Work required ::
Beginning at the line that contains "Drapeau Motocross - Veste Teddy - noir/blanc" and finishing at the line that contains "Onetech Butterfly Epilator", output the data below exactly. Include both end lines and no pictures.

Supplied data ::

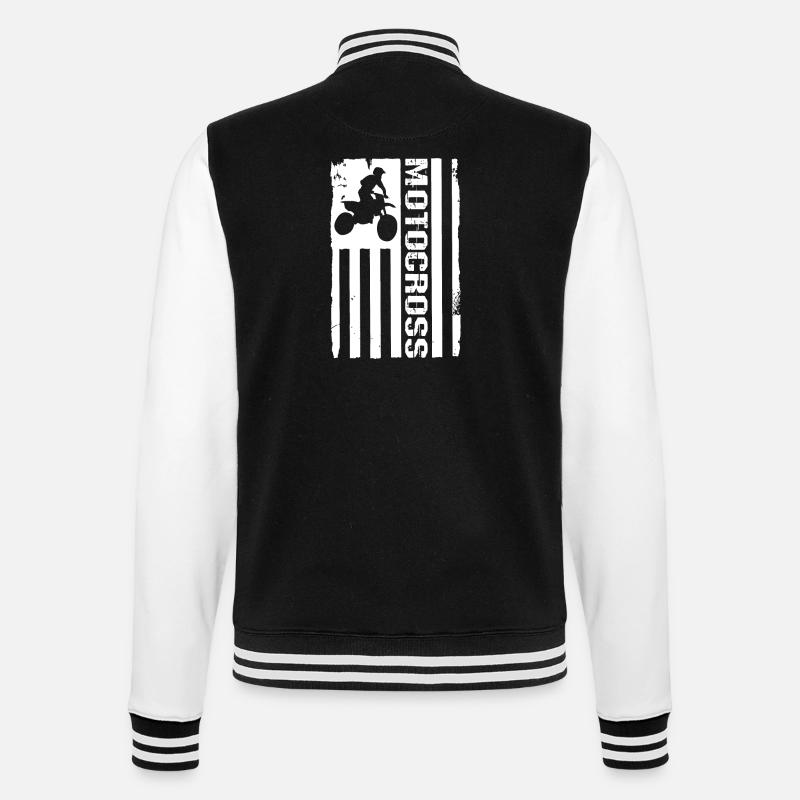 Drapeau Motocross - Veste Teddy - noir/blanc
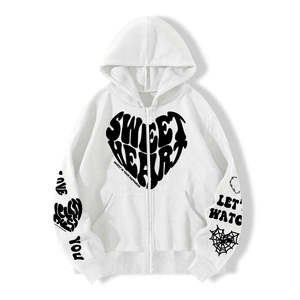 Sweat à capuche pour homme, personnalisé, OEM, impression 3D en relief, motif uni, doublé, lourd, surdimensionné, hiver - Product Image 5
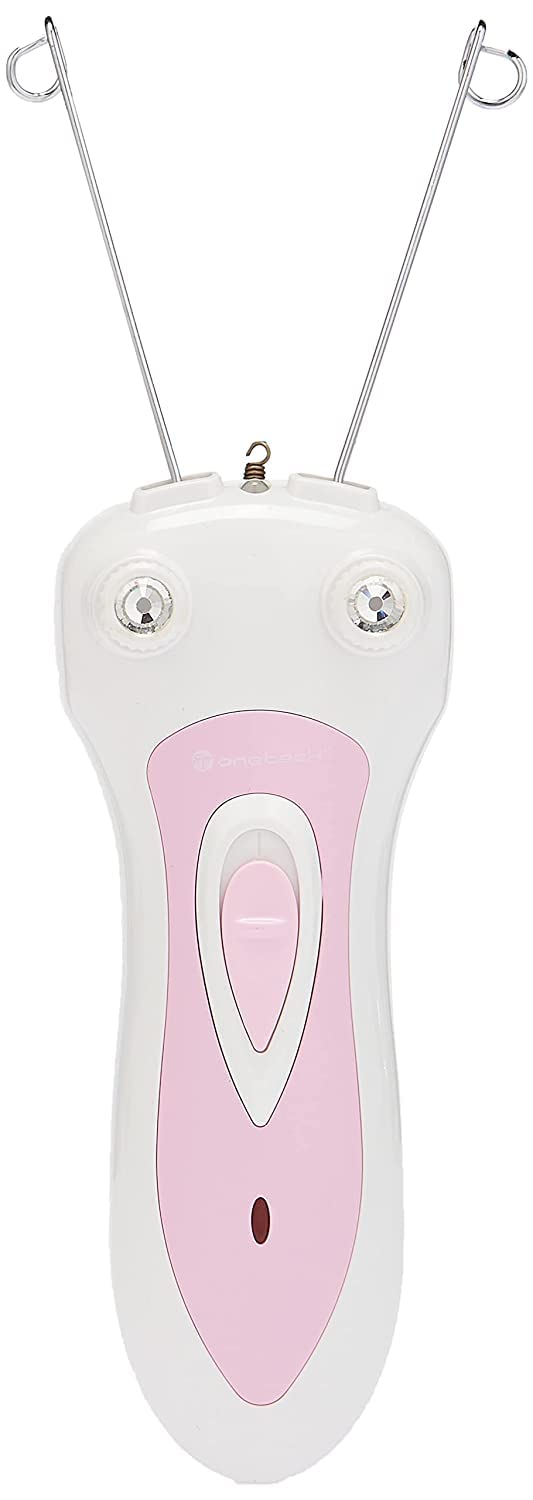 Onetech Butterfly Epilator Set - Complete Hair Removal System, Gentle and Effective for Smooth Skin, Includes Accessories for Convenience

...

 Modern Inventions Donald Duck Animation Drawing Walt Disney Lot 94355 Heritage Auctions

Output ::
 Drapeau Motocross - Veste Teddy - noir/blanc
 Sweat à capuche pour homme, personnalisé, OEM, impression 3D en relief, motif uni, doublé, lourd, surdimensionné, hiver - Product Image 5
 Onetech Butterfly Epilator Set - Complete Hair Removal System, Gentle and Effective for Smooth Skin, Includes Accessories for Convenience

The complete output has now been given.